• **Given data**
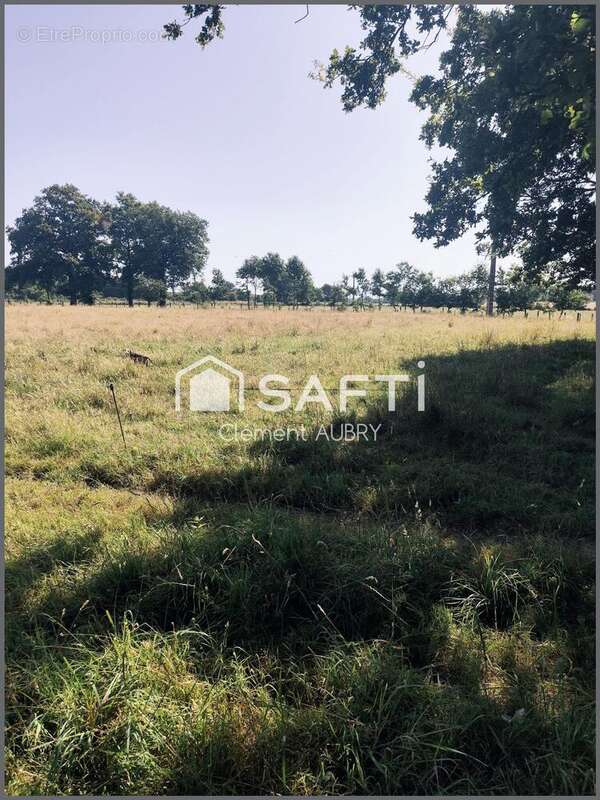 Photo 7 - Maison à SAINT-SATURNIN-DU-LIMET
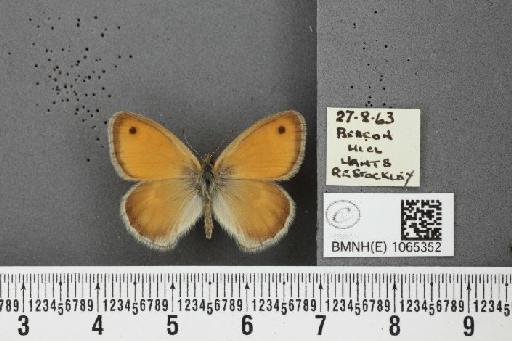 Coenonympha pamphilus ab. latiora Leeds, 1950 - BMNHE_1065352_26573
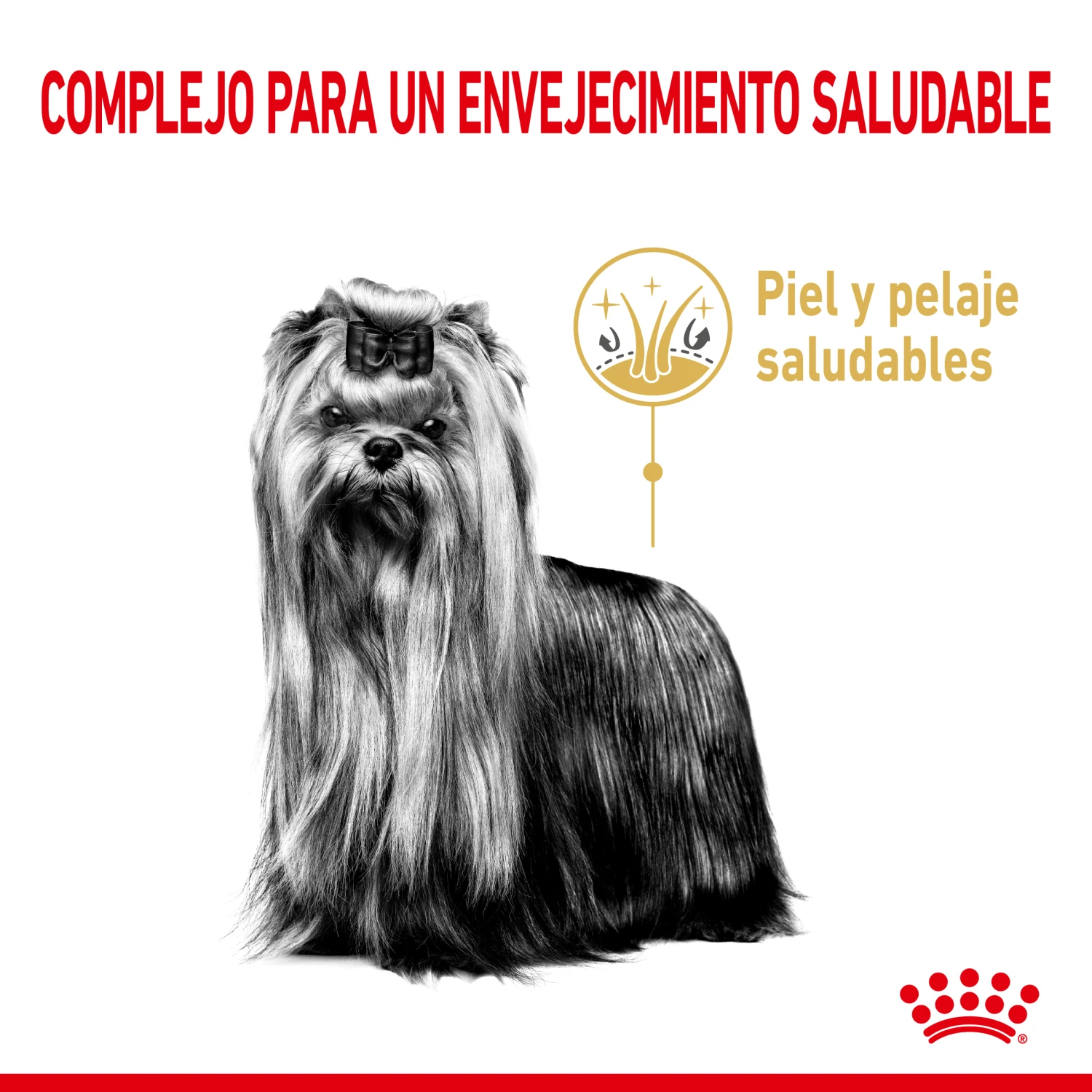 ROYAL CANIN Yorkshire Terrier Ageing 8+ Para Perro De Edad Avanzada De Raza 4 ROYAL CANIN Yorkshire Terrier Ageing 8+ Para Perro De Edad Avanzada De Raza - Imagen 4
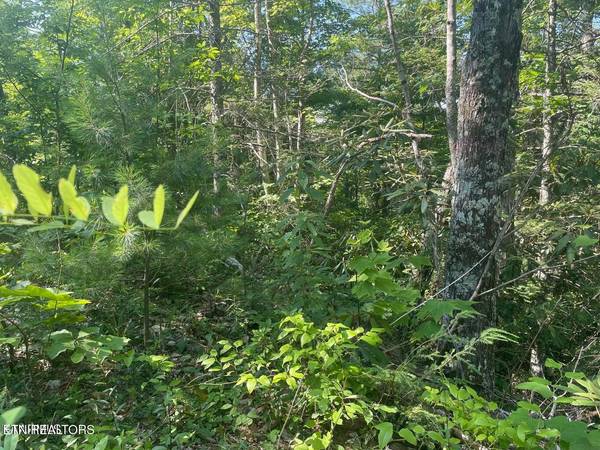 Lot 1 Sycamore St, Sevierville, TN 37876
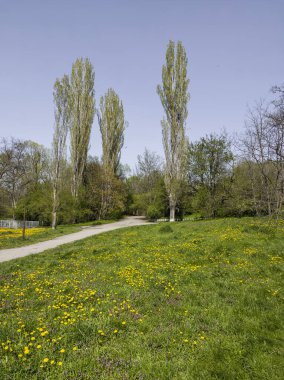 Bulgaristan 'ın Sofya kentindeki South Park' ın İnanılmaz Bahar Manzarası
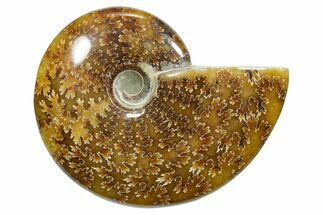 Polished Ammonite (Cleoniceras) Fossil - Madagascar #348511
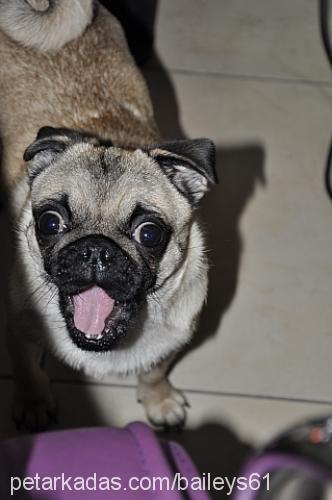 baileys Dişi Pug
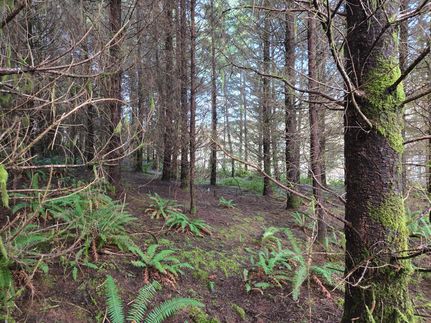 Timberland Property for sale in Grays Harbor County, Washington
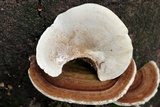 Funalia polyzona image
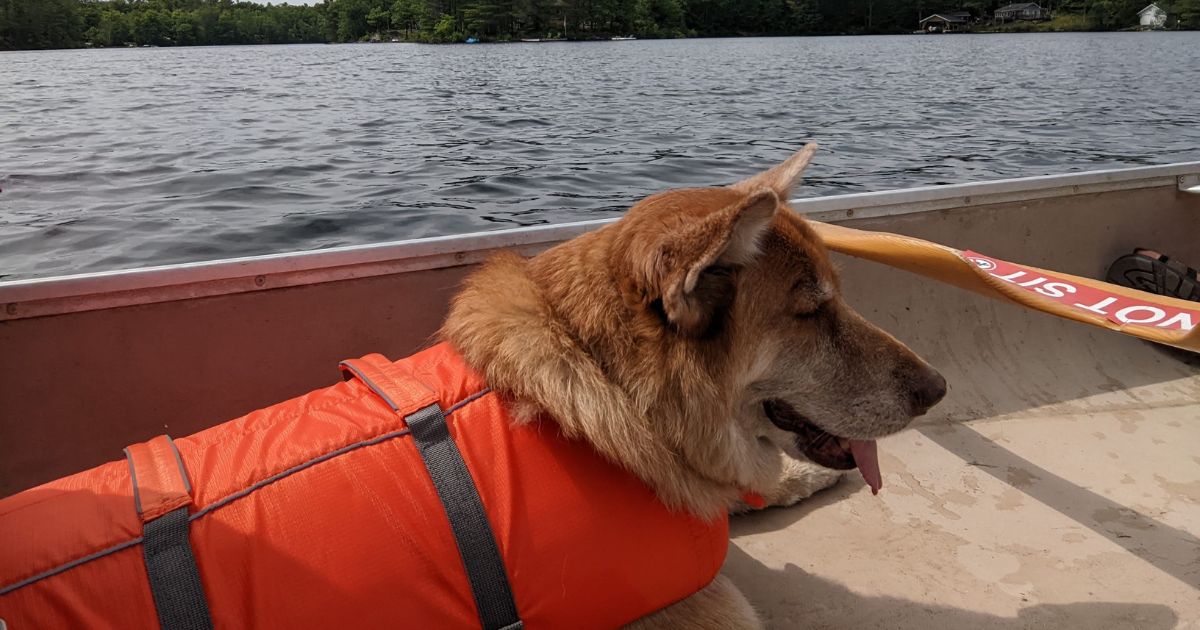 dog laying in canoe wearing a life jacket | Should Your Dog Wear a Life Jacket?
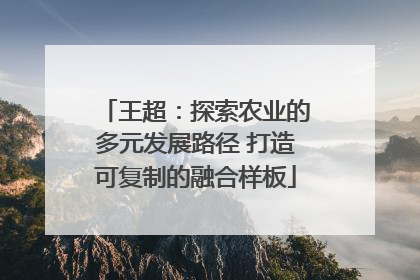 王超：探索农业的多元发展路径 打造可复制的融合样板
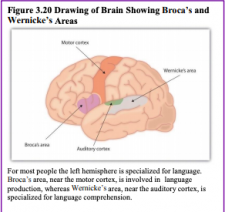 Chapter 11: Cognitive Development in Infancy & Toddlerhood – Human ...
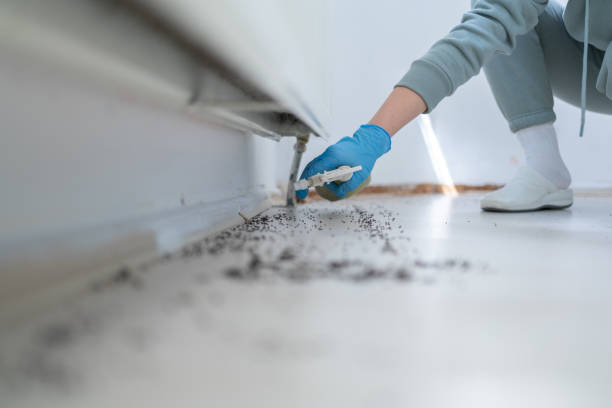 Best Rat Extermination Near Me  in Riverbend, WA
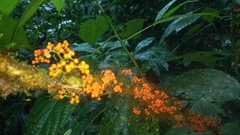 Urera caracasana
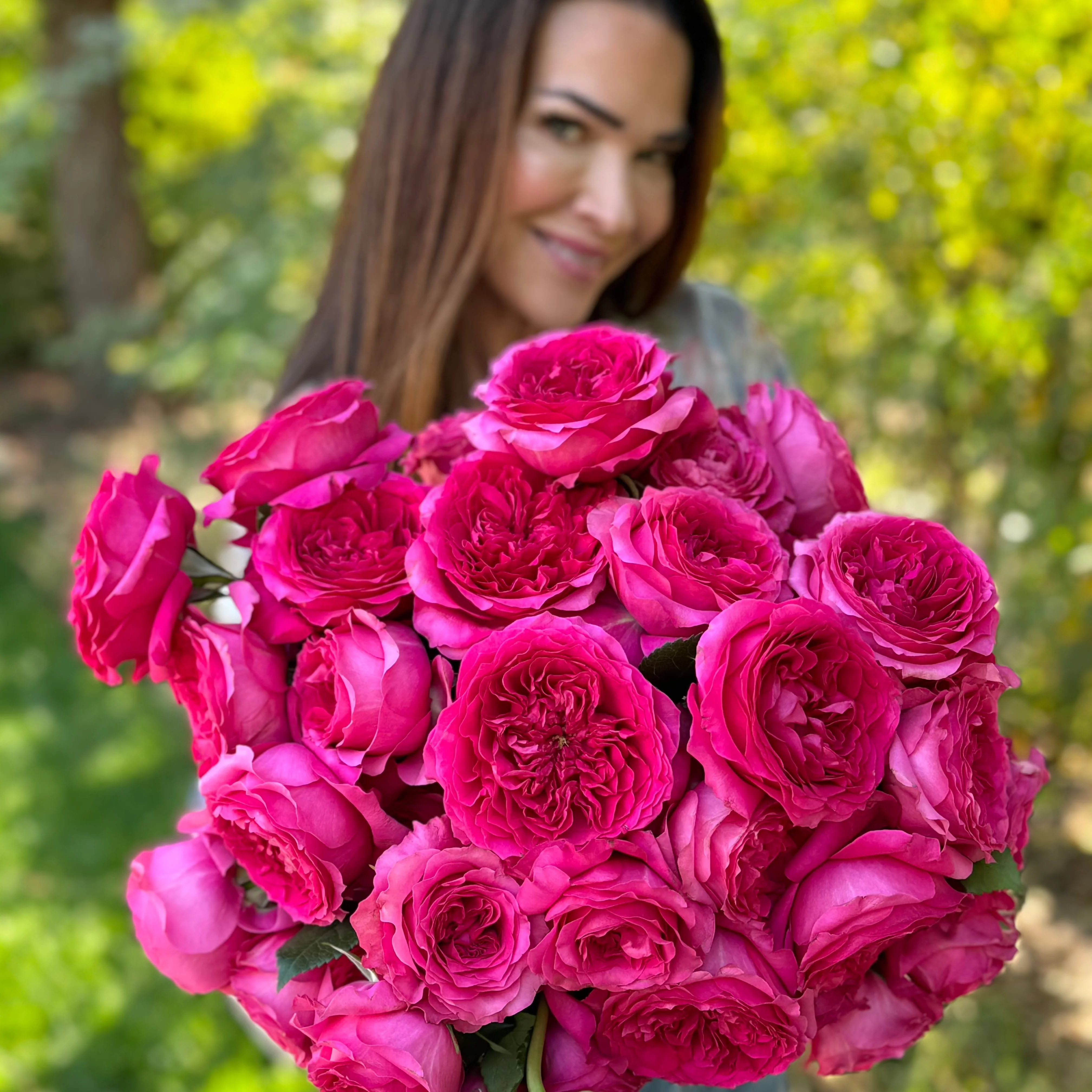 David Austin® Always in Bloom™ Subscription - Image 16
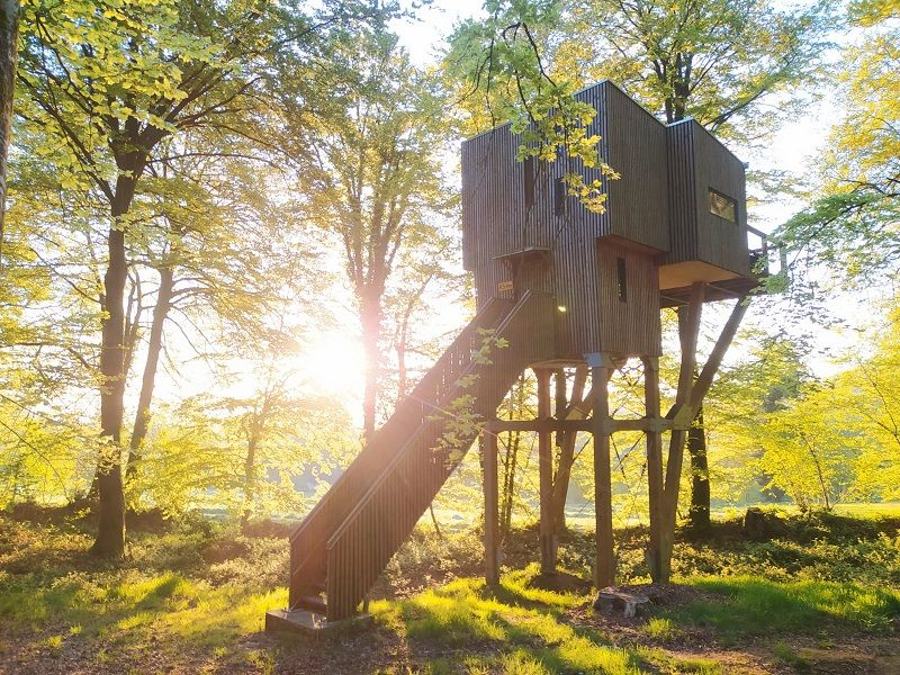 L'Étape en Forêt, photo 2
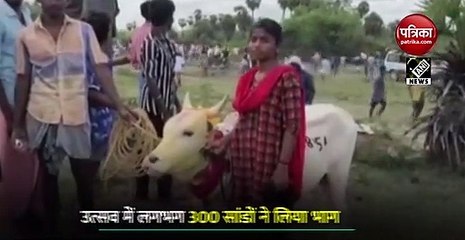 VIDEO: तमिलनाडु में मनाया गया 'मंजू विराट्तु' उत्सव, कोरोना नियमों की उड़ी धज्जियां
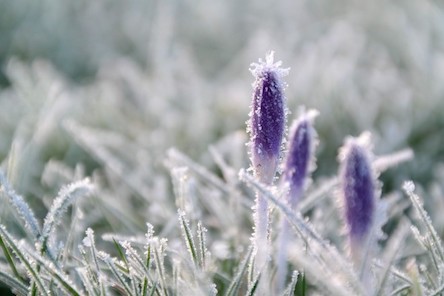 Фото новости: В Укриане ожидается похолодание Свежие новости: В Укриане ожидается похолодание
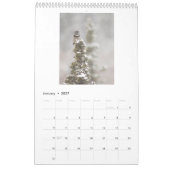 2017 Wandkalender für Eulen-Liebhaber (Jan 2027)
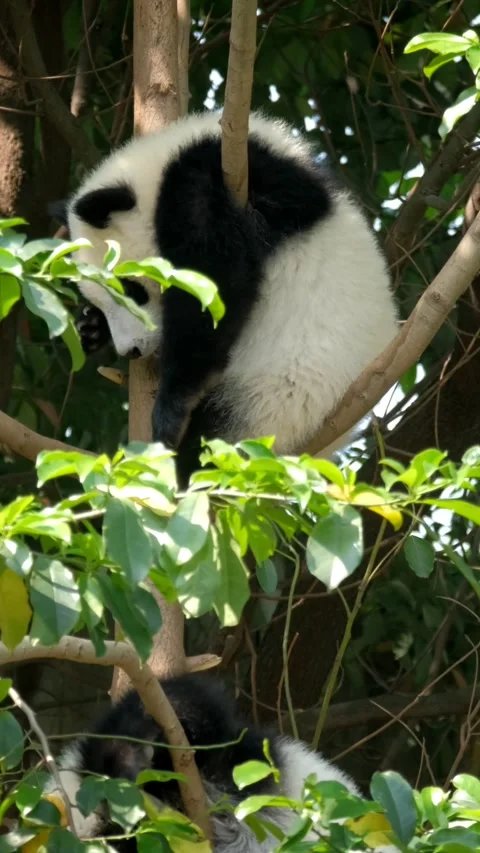 Giant panda bear cub on a tree Video stock 344584648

• **Task goal**
A word-for-word reproduction is needed of the lines above from the line containing "王超：探索农业的多元发展路径 打造可复制的融合样板" through the line containing "L'Étape en Forêt, photo 2", with both ends kept and no pictures.

• **Response**
 王超：探索农业的多元发展路径 打造可复制的融合样板
 Chapter 11: Cognitive Development in Infancy & Toddlerhood – Human ...
 Best Rat Extermination Near Me  in Riverbend, WA
 Urera caracasana
 David Austin® Always in Bloom™ Subscription - Image 16
 L'Étape en Forêt, photo 2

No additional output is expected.